Following Spencer's showcase, Green is ready for more experimentation and the group begins improvising. This next piece of music has never been heard before, not even on circulating live recordings of this era. It unquestionably has the sound of the Then Play On era sessions, but is utterly unique and may have been a work in progress that was ultimately abandoned. This features a wonderful call and response section between Green and Kirwan and another fascinating performance. Green's more introspective side is also on display here and his guitar playing is wonderfully expressive.
Kirwan's "Coming Your Way," the bluesy track that opens Then Play On, is up next. Here it is extended to nearly three times the length of the studio recording. Fleetwood and McVie, along with Spencer adding additional rhythmic support on congas, provide a propulsive backing that inspires yet another heavy rhythmic based jam from Green and Kirwan. Spencer then steps back up to change the set's texture with his reconstruction of Elmore James "Stranger Blues."
Following this Peter Green addresses the audience directly and introduces "Albatross" by stating "This song always brings great peace to everybody, including me." On this spiritual note, the band delivers a lovely version of this classic Green instrumental. This is a perfect example of less is more, with Green playing wonderfully delicate lead over the song's infectious floating groove. His restraint, combined with Kirwan's perfect unison lead lines make this performance even more touching than the original. There is zero superfluous playing here and Green squeezes deep emotion out of every note.
With merely a second of downtime afterwards, they close the set with a new composition, one that would soon go on to be a defining moment in Green's career, "Oh Well." Hearing this incredibly inovative song when it was this fresh is an absolute revelation. Here, it is not the nine minute opus they released over the two sides of their single, but what it lacks in length is more than made up for in sheer ferocious energy. It's hard to imagine any band that has ever squeezed such wide dynamics and pulverizing intensity into a mere three minutes. This performance is blazing with so much tight compressed energy that words cannot accurately describe it. It isn't surprising that this song would become one of the most imitated blues/rock workouts in modern music.

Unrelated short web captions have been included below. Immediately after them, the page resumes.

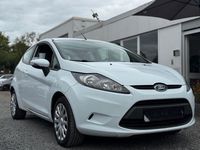 Gebraucht Ford Fiesta Trend 60 PS (44 kW) 2009 Weiß Kleinwagen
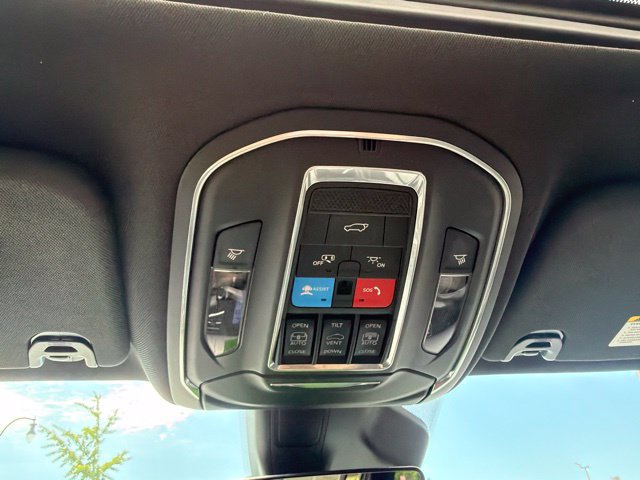 Used 2022 Jeep Wagoneer Series III w/ Premium Group I AWD/4WD image 34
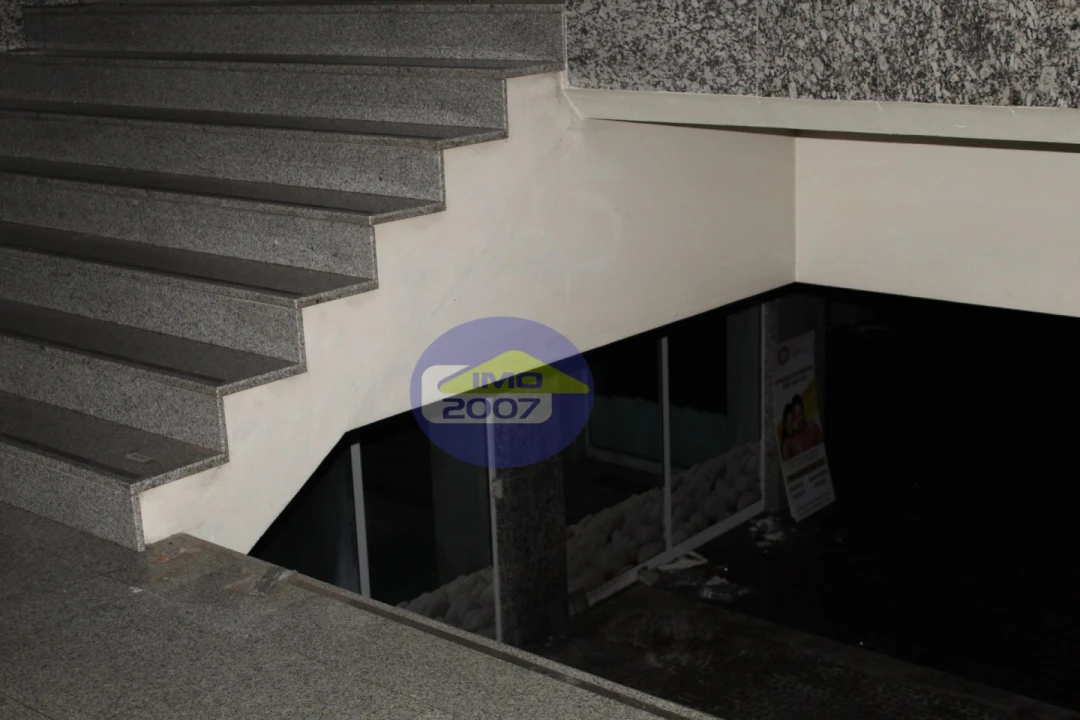 Loja para Venda em São João da Madeira Foto 13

If there's any downside to the remarkable recording, it's that only an incomplete 10 minute exceprt of the "Green Manalishi" encore was captured and it begins and ends in progress. The recording resumes past the actual vocal section of the song, with the band again blazing into another ferocious jam. It stays at full intensity for the first several minutes, before everyone but Green and Fleetwood drop out, giving Green an opportunity to solo on six-string bass. The tape unfortunately runs out shortly afterwards.
Regardless of the incomplete encore, this recording captures the classic Peter Green era of Fleetwood Mac at what was arguably the most intensely creative and focused time of their all too brief career. The telepathic communication between Kirwan and Green was elevating the music to incredible levels. It was performances like this one that devastated audiences and established Peter Green as one of the most original and compelling guitar players on the planet.